Instructions for the task: Keep to one stretch of the data below, the lines from the one with "BMW Seria 3 335i - 12" up to and including the one with "Cabarcos se afianza", and return that stretch exactly.

[Source data]

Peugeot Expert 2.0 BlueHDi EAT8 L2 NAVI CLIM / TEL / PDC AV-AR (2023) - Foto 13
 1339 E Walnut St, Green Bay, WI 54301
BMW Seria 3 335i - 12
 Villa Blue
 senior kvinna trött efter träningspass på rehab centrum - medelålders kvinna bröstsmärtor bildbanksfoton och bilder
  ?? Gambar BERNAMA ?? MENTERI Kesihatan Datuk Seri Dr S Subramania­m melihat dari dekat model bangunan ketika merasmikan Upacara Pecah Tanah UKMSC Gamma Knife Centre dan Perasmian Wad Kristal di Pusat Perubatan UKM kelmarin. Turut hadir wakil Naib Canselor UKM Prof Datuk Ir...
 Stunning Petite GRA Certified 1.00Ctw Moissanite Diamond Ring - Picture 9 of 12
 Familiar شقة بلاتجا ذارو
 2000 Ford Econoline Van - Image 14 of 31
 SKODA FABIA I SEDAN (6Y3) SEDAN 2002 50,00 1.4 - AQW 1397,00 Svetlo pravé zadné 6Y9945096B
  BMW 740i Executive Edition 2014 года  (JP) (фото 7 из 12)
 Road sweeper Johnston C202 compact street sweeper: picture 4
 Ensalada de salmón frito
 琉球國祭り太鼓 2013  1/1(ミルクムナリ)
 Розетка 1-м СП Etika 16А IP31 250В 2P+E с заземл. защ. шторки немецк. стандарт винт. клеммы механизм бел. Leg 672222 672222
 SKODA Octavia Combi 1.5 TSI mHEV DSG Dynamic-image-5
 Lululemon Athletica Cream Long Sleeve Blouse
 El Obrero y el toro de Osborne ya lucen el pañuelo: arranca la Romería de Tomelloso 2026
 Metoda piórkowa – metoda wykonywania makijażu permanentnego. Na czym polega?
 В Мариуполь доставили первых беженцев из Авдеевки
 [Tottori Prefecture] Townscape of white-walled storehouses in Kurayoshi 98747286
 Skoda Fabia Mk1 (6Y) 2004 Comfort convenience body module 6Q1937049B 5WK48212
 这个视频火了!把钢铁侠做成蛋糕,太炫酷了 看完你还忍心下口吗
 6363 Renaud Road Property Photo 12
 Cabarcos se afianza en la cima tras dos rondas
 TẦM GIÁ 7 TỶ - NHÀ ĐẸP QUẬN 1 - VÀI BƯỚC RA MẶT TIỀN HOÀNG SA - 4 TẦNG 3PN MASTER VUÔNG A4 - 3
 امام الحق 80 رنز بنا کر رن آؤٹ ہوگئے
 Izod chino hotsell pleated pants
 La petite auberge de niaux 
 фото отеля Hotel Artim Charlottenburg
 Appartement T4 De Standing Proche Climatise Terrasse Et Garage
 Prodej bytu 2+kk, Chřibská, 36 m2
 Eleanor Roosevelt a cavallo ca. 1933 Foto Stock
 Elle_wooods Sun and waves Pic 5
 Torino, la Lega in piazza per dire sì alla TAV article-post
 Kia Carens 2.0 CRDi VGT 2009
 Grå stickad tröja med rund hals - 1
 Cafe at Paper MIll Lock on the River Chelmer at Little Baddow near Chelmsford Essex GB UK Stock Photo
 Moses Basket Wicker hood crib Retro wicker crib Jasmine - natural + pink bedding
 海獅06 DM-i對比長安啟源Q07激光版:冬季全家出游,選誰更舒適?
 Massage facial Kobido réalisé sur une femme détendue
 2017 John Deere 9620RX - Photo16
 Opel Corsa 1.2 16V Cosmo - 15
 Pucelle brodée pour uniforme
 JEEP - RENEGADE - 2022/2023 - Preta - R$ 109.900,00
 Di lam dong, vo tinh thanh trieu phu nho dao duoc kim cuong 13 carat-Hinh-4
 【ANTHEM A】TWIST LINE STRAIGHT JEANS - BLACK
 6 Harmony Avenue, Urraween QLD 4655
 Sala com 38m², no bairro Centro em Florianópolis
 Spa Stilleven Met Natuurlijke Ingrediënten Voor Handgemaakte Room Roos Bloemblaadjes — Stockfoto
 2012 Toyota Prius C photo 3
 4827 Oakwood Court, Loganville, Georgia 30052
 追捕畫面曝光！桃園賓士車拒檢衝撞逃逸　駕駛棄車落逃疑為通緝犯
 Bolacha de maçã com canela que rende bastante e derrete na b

Exercise response:
BMW Seria 3 335i - 12
 Villa Blue
 senior kvinna trött efter träningspass på rehab centrum - medelålders kvinna bröstsmärtor bildbanksfoton och bilder
  ?? Gambar BERNAMA ?? MENTERI Kesihatan Datuk Seri Dr S Subramania­m melihat dari dekat model bangunan ketika merasmikan Upacara Pecah Tanah UKMSC Gamma Knife Centre dan Perasmian Wad Kristal di Pusat Perubatan UKM kelmarin. Turut hadir wakil Naib Canselor UKM Prof Datuk Ir...
 Stunning Petite GRA Certified 1.00Ctw Moissanite Diamond Ring - Picture 9 of 12
 Familiar شقة بلاتجا ذارو
 2000 Ford Econoline Van - Image 14 of 31
 SKODA FABIA I SEDAN (6Y3) SEDAN 2002 50,00 1.4 - AQW 1397,00 Svetlo pravé zadné 6Y9945096B
  BMW 740i Executive Edition 2014 года  (JP) (фото 7 из 12)
 Road sweeper Johnston C202 compact street sweeper: picture 4
 Ensalada de salmón frito
 琉球國祭り太鼓 2013  1/1(ミルクムナリ)
 Розетка 1-м СП Etika 16А IP31 250В 2P+E с заземл. защ. шторки немецк. стандарт винт. клеммы механизм бел. Leg 672222 672222
 SKODA Octavia Combi 1.5 TSI mHEV DSG Dynamic-image-5
 Lululemon Athletica Cream Long Sleeve Blouse
 El Obrero y el toro de Osborne ya lucen el pañuelo: arranca la Romería de Tomelloso 2026
 Metoda piórkowa – metoda wykonywania makijażu permanentnego. Na czym polega?
 В Мариуполь доставили первых беженцев из Авдеевки
 [Tottori Prefecture] Townscape of white-walled storehouses in Kurayoshi 98747286
 Skoda Fabia Mk1 (6Y) 2004 Comfort convenience body module 6Q1937049B 5WK48212
 这个视频火了!把钢铁侠做成蛋糕,太炫酷了 看完你还忍心下口吗
 6363 Renaud Road Property Photo 12
 Cabarcos se afianza en la cima tras dos rondas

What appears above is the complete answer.